The batch that last dissolved the gold in the first corning dish, that gold can go to the second burner of the hot plate into the corning dish evaporating the solution, helping to minimize your volume issues...

I really do not know what material you are working with, as I could not find details in this thread, it can be better to keep the discussions in one thread, with pictures and as much detail as possible, I have a hard time following things spread out in different threads, topics, or different discussions, pictures, and ging clear details are also helpful, the more we understand of the problem the easier it may be to find an answer to that problem.
 
Another fair point

I have 20 chips, I 960, Tried heating in dilute nitric acid twice, and it doesn’t appear that the Kovar was dissolving at all. I rinsed and dry those chips off and let them sit for a few days while I researched straight AR which seems to be a favorite among members for CPUs. I decided to try poormans AR first.

I added the hammer crushed chips to a Tall beaker, covered in 600 mL hydrochloric acid, slowly added 1/2 mole potassium nitrate in a three molar solution to try to dissolve everything. That didn’t seem to be enough nitrate to dissolve all the metals before I had to go to bed adding it in 4 to 6 mL increments. So the solution was allowed to cool overnight and this morning had a negative stannous test on filter paper and in a white spoon.

That’s why the question about decanting a not pregnant solution, to use fresh reagents. The question about sulfamic acid comes from this forum as a possible denoxer(sp?) for HNO3 and I read some stuff about using it to remove free nitrates from lake water,
Which made me think it could help neutralize extra (K)nitrate ions in solution…

If the free nitrate ion is occasionally changed into nitric acid by the hydrochloric acid, a decent solution of sulfamic should gobble that up and drive the reaction forward, but it seemed like something that might be slower than with the actual acid.
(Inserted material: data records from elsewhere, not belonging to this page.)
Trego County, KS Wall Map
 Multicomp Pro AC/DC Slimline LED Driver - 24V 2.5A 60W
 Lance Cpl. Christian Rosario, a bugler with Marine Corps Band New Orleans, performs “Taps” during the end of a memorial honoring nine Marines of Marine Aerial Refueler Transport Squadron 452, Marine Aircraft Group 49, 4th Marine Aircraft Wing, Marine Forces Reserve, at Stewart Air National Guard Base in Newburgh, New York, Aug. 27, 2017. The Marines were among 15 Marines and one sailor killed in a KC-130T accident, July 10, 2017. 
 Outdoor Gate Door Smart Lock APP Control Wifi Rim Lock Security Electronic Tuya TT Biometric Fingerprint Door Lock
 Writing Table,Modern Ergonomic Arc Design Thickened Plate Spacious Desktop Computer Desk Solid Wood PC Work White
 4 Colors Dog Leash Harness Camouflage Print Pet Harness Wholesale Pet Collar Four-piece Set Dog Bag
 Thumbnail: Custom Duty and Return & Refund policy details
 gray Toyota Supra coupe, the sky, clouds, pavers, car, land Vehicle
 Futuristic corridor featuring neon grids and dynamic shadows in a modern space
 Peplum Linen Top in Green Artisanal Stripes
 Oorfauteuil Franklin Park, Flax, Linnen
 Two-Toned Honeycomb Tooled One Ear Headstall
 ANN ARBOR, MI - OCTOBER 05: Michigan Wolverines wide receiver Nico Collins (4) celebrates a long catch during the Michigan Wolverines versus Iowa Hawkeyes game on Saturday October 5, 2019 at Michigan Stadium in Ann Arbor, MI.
I was trying to find a safe and cost efficient way to process e-waste, I also have a decent sized batch of acid peroxide cooking with a bubbler. I have the ability to acquire a large amount of fingers and CPUs for free and I wanted to see if this was something that I could pull off, and it sucked me in.

I really appreciate all the time you guys spend considering in typing responses, your experience is an invaluable resource!

Roll Tide
 
If you only have very a slight excess of nitric acid in solution, which is keeping you from precipitating your gold (which actually would mainly be just the unreacted Nox gases left in solution), then you can overcome the NOx gas keeping the gold dissolved, by adding more SMB and drive the reaction to the right of the equation.

Here the SMB is not very good at de-NOx-ing a solution but it can help to drive the reaction towards the right, by helping in removing active gases of NOx.
If you have overused nitric and have much left in the solution then adding an excess of SMB will do little, to almost no good, to get your gold to precipitate effectively, as it is not good at removing free nitric acid from the solution.

Ferrous sulfate can more effectively remove free nitric and actually de-NOx the solution, and precipitate gold.

FeSO4 will actually react with the free nitric acid in solution to decompose the free nitric acid and to de-NOx the solution and reduce the gold back into a metal powder form.

SMB in excess can help to drive off a little NOx gas from solution but is really not effective to destroy much free nitric in solution to any extent.

Both will precipitate gold if the solution has the free nitric eliminated.

ferrous sulfate or copperas will work to precipitate with some free nitric involved where SMB would not work to remove all of the excess nitric involved.